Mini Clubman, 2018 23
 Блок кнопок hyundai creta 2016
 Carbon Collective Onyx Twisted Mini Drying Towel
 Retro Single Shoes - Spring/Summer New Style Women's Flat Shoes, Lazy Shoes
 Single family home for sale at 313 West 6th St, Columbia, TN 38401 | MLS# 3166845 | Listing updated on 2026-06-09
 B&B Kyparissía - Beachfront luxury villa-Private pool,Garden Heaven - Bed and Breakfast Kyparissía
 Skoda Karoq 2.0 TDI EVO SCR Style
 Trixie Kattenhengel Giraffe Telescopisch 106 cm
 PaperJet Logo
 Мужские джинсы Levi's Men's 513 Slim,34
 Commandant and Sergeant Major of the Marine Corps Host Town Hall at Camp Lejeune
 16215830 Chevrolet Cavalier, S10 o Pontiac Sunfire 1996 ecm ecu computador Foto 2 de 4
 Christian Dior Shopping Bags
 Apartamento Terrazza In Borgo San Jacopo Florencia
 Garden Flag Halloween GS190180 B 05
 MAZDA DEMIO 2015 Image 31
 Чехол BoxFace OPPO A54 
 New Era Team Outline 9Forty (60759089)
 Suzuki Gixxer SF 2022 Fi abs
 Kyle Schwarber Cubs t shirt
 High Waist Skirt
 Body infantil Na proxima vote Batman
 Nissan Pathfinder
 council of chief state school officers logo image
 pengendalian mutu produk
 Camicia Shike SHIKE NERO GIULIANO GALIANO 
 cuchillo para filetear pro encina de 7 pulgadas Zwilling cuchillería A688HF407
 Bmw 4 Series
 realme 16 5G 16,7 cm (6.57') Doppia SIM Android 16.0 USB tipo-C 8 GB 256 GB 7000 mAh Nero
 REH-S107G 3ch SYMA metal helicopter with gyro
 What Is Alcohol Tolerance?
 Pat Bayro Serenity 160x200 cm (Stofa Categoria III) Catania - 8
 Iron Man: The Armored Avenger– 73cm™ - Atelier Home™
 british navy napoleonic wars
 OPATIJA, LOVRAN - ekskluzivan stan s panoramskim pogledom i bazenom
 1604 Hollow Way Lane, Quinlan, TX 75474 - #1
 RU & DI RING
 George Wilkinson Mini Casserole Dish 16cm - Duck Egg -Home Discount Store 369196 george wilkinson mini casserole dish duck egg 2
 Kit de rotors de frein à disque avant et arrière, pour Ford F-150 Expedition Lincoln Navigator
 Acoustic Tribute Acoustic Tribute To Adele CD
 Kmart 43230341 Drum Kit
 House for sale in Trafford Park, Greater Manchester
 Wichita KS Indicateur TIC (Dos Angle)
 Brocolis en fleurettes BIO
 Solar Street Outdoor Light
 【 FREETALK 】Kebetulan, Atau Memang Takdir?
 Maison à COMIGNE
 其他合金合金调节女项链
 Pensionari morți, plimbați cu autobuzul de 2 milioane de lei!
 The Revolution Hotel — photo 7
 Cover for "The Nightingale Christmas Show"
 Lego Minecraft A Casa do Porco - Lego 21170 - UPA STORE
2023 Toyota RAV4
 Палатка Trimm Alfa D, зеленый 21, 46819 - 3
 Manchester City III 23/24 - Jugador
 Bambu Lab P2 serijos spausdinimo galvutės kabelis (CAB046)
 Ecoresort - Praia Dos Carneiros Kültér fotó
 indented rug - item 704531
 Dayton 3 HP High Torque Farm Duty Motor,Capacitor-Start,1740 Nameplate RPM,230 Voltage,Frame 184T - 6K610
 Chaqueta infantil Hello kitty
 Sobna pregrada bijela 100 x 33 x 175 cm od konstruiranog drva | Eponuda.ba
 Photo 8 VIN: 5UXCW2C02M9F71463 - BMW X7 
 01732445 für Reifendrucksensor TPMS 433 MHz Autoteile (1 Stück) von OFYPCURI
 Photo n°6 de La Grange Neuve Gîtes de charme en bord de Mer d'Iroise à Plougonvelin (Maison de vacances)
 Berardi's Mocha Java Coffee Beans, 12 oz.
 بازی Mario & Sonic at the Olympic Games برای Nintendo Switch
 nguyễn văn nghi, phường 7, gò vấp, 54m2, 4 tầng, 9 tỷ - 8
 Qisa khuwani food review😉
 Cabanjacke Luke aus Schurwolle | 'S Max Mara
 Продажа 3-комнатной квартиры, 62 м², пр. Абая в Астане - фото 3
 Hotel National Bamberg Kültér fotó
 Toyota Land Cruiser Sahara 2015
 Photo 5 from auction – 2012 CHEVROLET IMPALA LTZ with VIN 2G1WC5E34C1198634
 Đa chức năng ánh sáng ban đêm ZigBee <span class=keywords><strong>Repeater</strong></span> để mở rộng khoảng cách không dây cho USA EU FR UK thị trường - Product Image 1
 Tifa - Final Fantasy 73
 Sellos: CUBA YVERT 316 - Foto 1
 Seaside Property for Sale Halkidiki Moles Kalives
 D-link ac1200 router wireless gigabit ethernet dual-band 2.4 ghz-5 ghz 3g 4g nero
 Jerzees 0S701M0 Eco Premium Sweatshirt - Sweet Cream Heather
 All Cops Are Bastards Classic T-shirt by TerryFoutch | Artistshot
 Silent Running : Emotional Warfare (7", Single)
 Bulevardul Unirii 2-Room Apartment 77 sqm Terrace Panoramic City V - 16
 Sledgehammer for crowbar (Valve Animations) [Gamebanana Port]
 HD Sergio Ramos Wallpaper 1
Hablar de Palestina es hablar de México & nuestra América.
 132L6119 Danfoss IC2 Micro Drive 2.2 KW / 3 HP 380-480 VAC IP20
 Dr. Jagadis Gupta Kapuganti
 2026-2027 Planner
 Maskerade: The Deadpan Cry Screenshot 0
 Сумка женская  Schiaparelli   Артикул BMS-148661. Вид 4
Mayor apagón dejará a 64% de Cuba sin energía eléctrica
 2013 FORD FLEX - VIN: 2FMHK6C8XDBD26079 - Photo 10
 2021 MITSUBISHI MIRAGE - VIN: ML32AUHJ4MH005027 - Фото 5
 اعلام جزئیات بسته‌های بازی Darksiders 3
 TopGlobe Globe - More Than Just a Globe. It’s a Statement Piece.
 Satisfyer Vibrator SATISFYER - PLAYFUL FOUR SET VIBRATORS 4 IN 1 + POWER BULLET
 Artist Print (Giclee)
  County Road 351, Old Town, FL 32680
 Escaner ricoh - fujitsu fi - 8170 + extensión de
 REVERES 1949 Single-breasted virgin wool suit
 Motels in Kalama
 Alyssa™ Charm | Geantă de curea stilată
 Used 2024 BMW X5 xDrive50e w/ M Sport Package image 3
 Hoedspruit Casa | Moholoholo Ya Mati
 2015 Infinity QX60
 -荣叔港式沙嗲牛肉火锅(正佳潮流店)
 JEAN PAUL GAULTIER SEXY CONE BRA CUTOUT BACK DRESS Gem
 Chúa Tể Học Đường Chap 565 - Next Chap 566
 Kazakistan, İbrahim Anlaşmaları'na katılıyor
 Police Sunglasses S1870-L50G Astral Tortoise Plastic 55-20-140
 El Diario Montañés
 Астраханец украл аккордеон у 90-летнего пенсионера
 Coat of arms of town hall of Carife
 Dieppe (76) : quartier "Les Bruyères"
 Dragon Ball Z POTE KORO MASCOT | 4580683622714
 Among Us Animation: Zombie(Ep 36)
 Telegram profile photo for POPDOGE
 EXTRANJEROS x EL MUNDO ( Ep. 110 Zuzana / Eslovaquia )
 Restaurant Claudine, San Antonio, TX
----------
◆ TASK DETAILS
Go through the entries above and write each one out exactly.

◆ TASK SOLUTION
Mini Clubman, 2018 23
 Блок кнопок hyundai creta 2016
 Carbon Collective Onyx Twisted Mini Drying Towel
 Retro Single Shoes - Spring/Summer New Style Women's Flat Shoes, Lazy Shoes
 Single family home for sale at 313 West 6th St, Columbia, TN 38401 | MLS# 3166845 | Listing updated on 2026-06-09
 B&B Kyparissía - Beachfront luxury villa-Private pool,Garden Heaven - Bed and Breakfast Kyparissía
 Skoda Karoq 2.0 TDI EVO SCR Style
 Trixie Kattenhengel Giraffe Telescopisch 106 cm
 PaperJet Logo
 Мужские джинсы Levi's Men's 513 Slim,34
 Commandant and Sergeant Major of the Marine Corps Host Town Hall at Camp Lejeune
 16215830 Chevrolet Cavalier, S10 o Pontiac Sunfire 1996 ecm ecu computador Foto 2 de 4
 Christian Dior Shopping Bags
 Apartamento Terrazza In Borgo San Jacopo Florencia
 Garden Flag Halloween GS190180 B 05
 MAZDA DEMIO 2015 Image 31
 Чехол BoxFace OPPO A54 
 New Era Team Outline 9Forty (60759089)
 Suzuki Gixxer SF 2022 Fi abs
 Kyle Schwarber Cubs t shirt
 High Waist Skirt
 Body infantil Na proxima vote Batman
 Nissan Pathfinder
 council of chief state school officers logo image
 pengendalian mutu produk
 Camicia Shike SHIKE NERO GIULIANO GALIANO 
 cuchillo para filetear pro encina de 7 pulgadas Zwilling cuchillería A688HF407
 Bmw 4 Series
 realme 16 5G 16,7 cm (6.57') Doppia SIM Android 16.0 USB tipo-C 8 GB 256 GB 7000 mAh Nero
 REH-S107G 3ch SYMA metal helicopter with gyro
 What Is Alcohol Tolerance?
 Pat Bayro Serenity 160x200 cm (Stofa Categoria III) Catania - 8
 Iron Man: The Armored Avenger– 73cm™ - Atelier Home™
 british navy napoleonic wars
 OPATIJA, LOVRAN - ekskluzivan stan s panoramskim pogledom i bazenom
 1604 Hollow Way Lane, Quinlan, TX 75474 - #1
 RU & DI RING
 George Wilkinson Mini Casserole Dish 16cm - Duck Egg -Home Discount Store 369196 george wilkinson mini casserole dish duck egg 2
 Kit de rotors de frein à disque avant et arrière, pour Ford F-150 Expedition Lincoln Navigator
 Acoustic Tribute Acoustic Tribute To Adele CD
 Kmart 43230341 Drum Kit
 House for sale in Trafford Park, Greater Manchester
 Wichita KS Indicateur TIC (Dos Angle)
 Brocolis en fleurettes BIO
 Solar Street Outdoor Light
 【 FREETALK 】Kebetulan, Atau Memang Takdir?
 Maison à COMIGNE
 其他合金合金调节女项链
 Pensionari morți, plimbați cu autobuzul de 2 milioane de lei!
 The Revolution Hotel — photo 7
 Cover for "The Nightingale Christmas Show"
 Lego Minecraft A Casa do Porco - Lego 21170 - UPA STORE
2023 Toyota RAV4
 Палатка Trimm Alfa D, зеленый 21, 46819 - 3
 Manchester City III 23/24 - Jugador
 Bambu Lab P2 serijos spausdinimo galvutės kabelis (CAB046)
 Ecoresort - Praia Dos Carneiros Kültér fotó
 indented rug - item 704531
 Dayton 3 HP High Torque Farm Duty Motor,Capacitor-Start,1740 Nameplate RPM,230 Voltage,Frame 184T - 6K610
 Chaqueta infantil Hello kitty
 Sobna pregrada bijela 100 x 33 x 175 cm od konstruiranog drva | Eponuda.ba
 Photo 8 VIN: 5UXCW2C02M9F71463 - BMW X7 
 01732445 für Reifendrucksensor TPMS 433 MHz Autoteile (1 Stück) von OFYPCURI
 Photo n°6 de La Grange Neuve Gîtes de charme en bord de Mer d'Iroise à Plougonvelin (Maison de vacances)
 Berardi's Mocha Java Coffee Beans, 12 oz.
 بازی Mario & Sonic at the Olympic Games برای Nintendo Switch
 nguyễn văn nghi, phường 7, gò vấp, 54m2, 4 tầng, 9 tỷ - 8
 Qisa khuwani food review😉
 Cabanjacke Luke aus Schurwolle | 'S Max Mara
 Продажа 3-комнатной квартиры, 62 м², пр. Абая в Астане - фото 3
 Hotel National Bamberg Kültér fotó
 Toyota Land Cruiser Sahara 2015
 Photo 5 from auction – 2012 CHEVROLET IMPALA LTZ with VIN 2G1WC5E34C1198634
 Đa chức năng ánh sáng ban đêm ZigBee <span class=keywords><strong>Repeater</strong></span> để mở rộng khoảng cách không dây cho USA EU FR UK thị trường - Product Image 1
 Tifa - Final Fantasy 73
 Sellos: CUBA YVERT 316 - Foto 1
 Seaside Property for Sale Halkidiki Moles Kalives
 D-link ac1200 router wireless gigabit ethernet dual-band 2.4 ghz-5 ghz 3g 4g nero
 Jerzees 0S701M0 Eco Premium Sweatshirt - Sweet Cream Heather
 All Cops Are Bastards Classic T-shirt by TerryFoutch | Artistshot
 Silent Running : Emotional Warfare (7", Single)
 Bulevardul Unirii 2-Room Apartment 77 sqm Terrace Panoramic City V - 16
 Sledgehammer for crowbar (Valve Animations) [Gamebanana Port]
 HD Sergio Ramos Wallpaper 1
Hablar de Palestina es hablar de México & nuestra América.
 132L6119 Danfoss IC2 Micro Drive 2.2 KW / 3 HP 380-480 VAC IP20
 Dr. Jagadis Gupta Kapuganti
 2026-2027 Planner
 Maskerade: The Deadpan Cry Screenshot 0
 Сумка женская  Schiaparelli   Артикул BMS-148661. Вид 4
Mayor apagón dejará a 64% de Cuba sin energía eléctrica
 2013 FORD FLEX - VIN: 2FMHK6C8XDBD26079 - Photo 10
 2021 MITSUBISHI MIRAGE - VIN: ML32AUHJ4MH005027 - Фото 5
 اعلام جزئیات بسته‌های بازی Darksiders 3
 TopGlobe Globe - More Than Just a Globe. It’s a Statement Piece.
 Satisfyer Vibrator SATISFYER - PLAYFUL FOUR SET VIBRATORS 4 IN 1 + POWER BULLET
 Artist Print (Giclee)
  County Road 351, Old Town, FL 32680
 Escaner ricoh - fujitsu fi - 8170 + extensión de
 REVERES 1949 Single-breasted virgin wool suit
 Motels in Kalama
 Alyssa™ Charm | Geantă de curea stilată
 Used 2024 BMW X5 xDrive50e w/ M Sport Package image 3
 Hoedspruit Casa | Moholoholo Ya Mati
 2015 Infinity QX60
 -荣叔港式沙嗲牛肉火锅(正佳潮流店)
 JEAN PAUL GAULTIER SEXY CONE BRA CUTOUT BACK DRESS Gem
 Chúa Tể Học Đường Chap 565 - Next Chap 566
 Kazakistan, İbrahim Anlaşmaları'na katılıyor
 Police Sunglasses S1870-L50G Astral Tortoise Plastic 55-20-140
 El Diario Montañés
 Астраханец украл аккордеон у 90-летнего пенсионера
 Coat of arms of town hall of Carife
 Dieppe (76) : quartier "Les Bruyères"
 Dragon Ball Z POTE KORO MASCOT | 4580683622714
 Among Us Animation: Zombie(Ep 36)
 Telegram profile photo for POPDOGE
 EXTRANJEROS x EL MUNDO ( Ep. 110 Zuzana / Eslovaquia )
 Restaurant Claudine, San Antonio, TX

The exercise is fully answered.